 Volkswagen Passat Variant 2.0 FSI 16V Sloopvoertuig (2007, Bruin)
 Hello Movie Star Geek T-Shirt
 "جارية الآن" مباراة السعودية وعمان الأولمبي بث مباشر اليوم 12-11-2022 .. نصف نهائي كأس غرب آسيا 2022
---
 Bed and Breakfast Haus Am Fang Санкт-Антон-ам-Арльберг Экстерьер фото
* * *
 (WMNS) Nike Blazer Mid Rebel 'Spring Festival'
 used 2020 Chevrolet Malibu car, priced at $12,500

§ ABOUT THIS TASK
The lines above from the one containing "Volkswagen Passat Variant" through the one containing "غرب آسيا 2022" are to be set down exactly, and no others.

§ RESULT
 Volkswagen Passat Variant 2.0 FSI 16V Sloopvoertuig (2007, Bruin)
 Hello Movie Star Geek T-Shirt
 "جارية الآن" مباراة السعودية وعمان الأولمبي بث مباشر اليوم 12-11-2022 .. نصف نهائي كأس غرب آسيا 2022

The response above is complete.